As january is coming to an end, the first month of 2009 marked the end of renowned game studios such as EA Black Box (Skate, Need for Speed) and Free Radical (TimeSplitters, Haze). Additionally, both Sony and Microsoft had massive layoffs in their respective gaming divisions — I would even argue that the closing of Ensemble Studios (Halo Wars, Age of Empires) is partly due to the current state of the economy.
Unfortunately, tough times call for tough measures. Today, I would like to take the issue head-on and see what can be done to maybe avoid or lessen the impact of the crisis.
For the time being, new intellectual properties should — and probably will be — put on hold. As long as companies like EA are laying off employees by the thousand, we should not be gambling with creativity and fresh ideas, because after all, it is not what is consumed in times like these, when products with numbers at the ends of their titles evoke much quicker emotional reaction in potential customers, that being the reaching for their wallets. At the end of the day, job security, especially in these times, is far more important than creative freedom.

EARS’ Dead Space did not sell as well as it could have.
In a way, the industry, more than ever, needs auteurs, such as Glenn Schofield, executive producer for EA Redwood Shores’s survival horror shooter Dead Space: Admittedly, not the most original of titles, but solid through and through. People, who re-imagine games that people have loved in the past and re-brand them as titles they recognize.
Unfortunately, Dead Space tanked. Does Fallout 3 ring a bell? Damn-right it does, and EA should’ve done the exact same.
It is not a secret that Electronic Arts owns the rights to System Shock. Now, with some re-skinning and clever writing, why could Dead Space not be System Shock 3? If you do not like the idea, hear me out and stop living in the past — Companies need to make money. The outrage of the fanboys and the connoisseurs would have catapulted the game to instant cult status, while the execution and gameplay would’ve won over critics and gamers alike. After EA has accomplished this and brought the IP back into the general consciousness of gamers all over the world, they could’ve just remade System Shock 2 and sold Ken Levine’s old ideas to you for $ 59.99 and you would’ve gladly paid for it — let’s not pretend Ubisoft didn’t get away with doing the exact same thing with Prince of Persia, which is clearly inferior to Dead Space.
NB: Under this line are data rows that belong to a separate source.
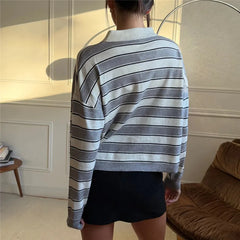 Grey Stripe Lapel Collar Long Sleeve Knit Top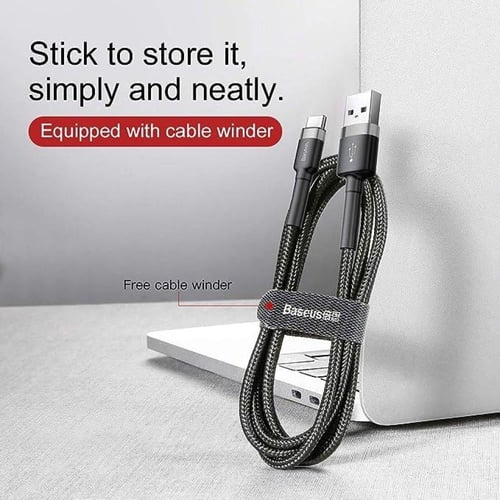 كيبل شاحن مايكرو USB مترين من بيسوس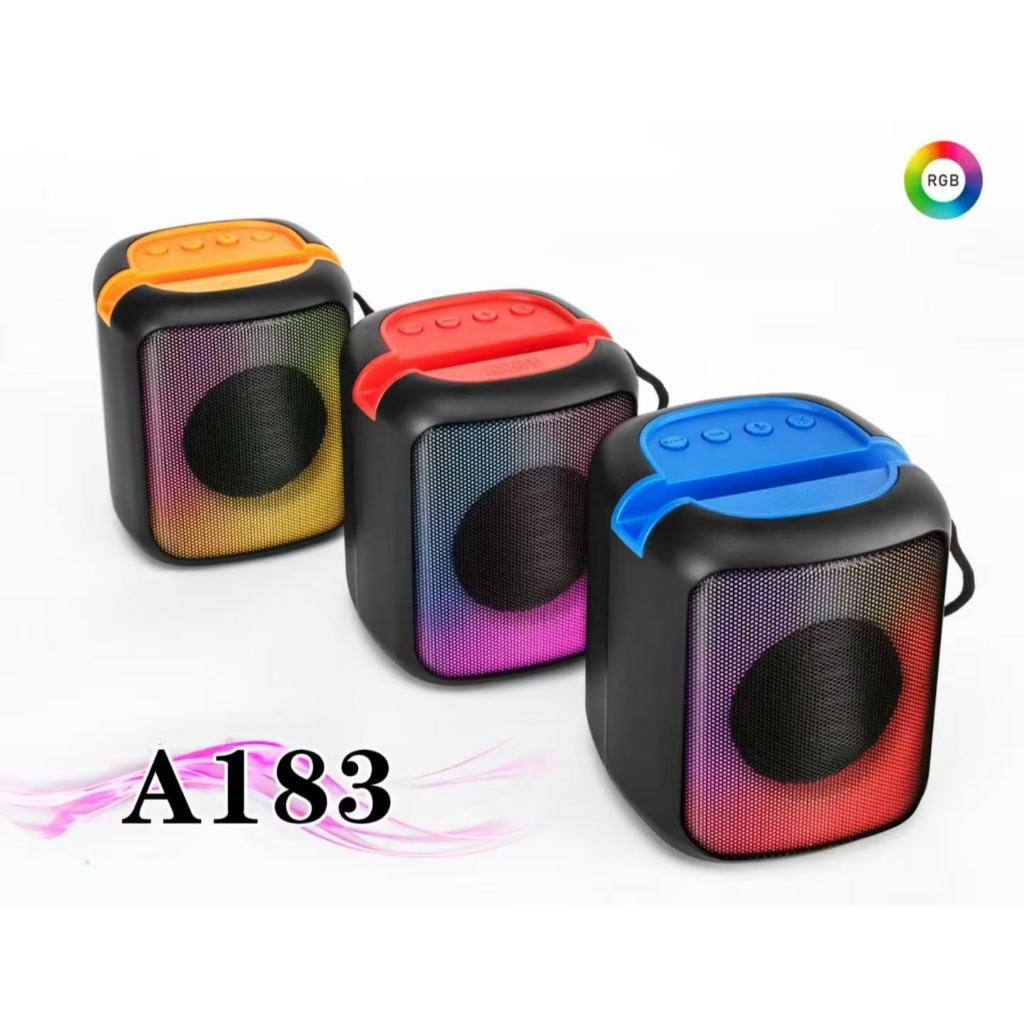 A183 ลำโพงรุ่นใหม่ล่าสุดเสียงเบสหนักพร้อมที่วางมือถือ รองรับ บลูทูธ TF USB FM พร้อมRGB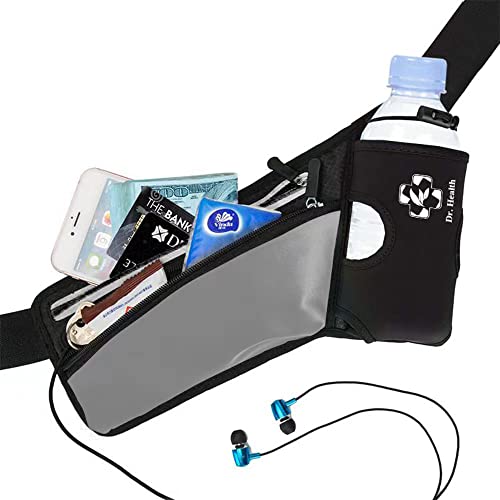 Running Belt Sport Waist Pack/Pouch w/Water Bottle Holder Hydration Fanny Pack Reflective Stripes Cellphone Storage Earphone hole for Dog walker Hiking Travel Adjustable Women/Men (Silver Gray) - color: Silver Gray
Don’t you argue, Metacritic says I’m right.

System Shock is like a Big Daddy to BioShock.
Inarguably, the fourth quarter is the worst possible time to release anything even remotely different or new. Little Big Planet, Mirror’s Edge and Dead Space alike fell victim, some lesser than others, to this time of the year. Now you can tell me all about how Assassin’s Creed went on to sell 5 million copies with an October release date, but answer me this: Did Assassin’s Creed come out at the same time as Gears of War 2, Resistance 2, Call of Duty 5 and Fallout 3?
Bioshock, also one of the most successful new IPs this generation, came out in August with no other game in sight. It didn’t hurt that Bioshock was awesome, either.
Can you see the god-damn pattern here?
The takeaway point here is, that companies should release awesome games at seemingly random points in the year.
If both Dante’s Inferno and Schaefer’s Brutal Legend (both EA) come out in the fourth quarter, we have not learned from past mistakes and we are doing both our bottom line as well as the games themselves a huge disservice.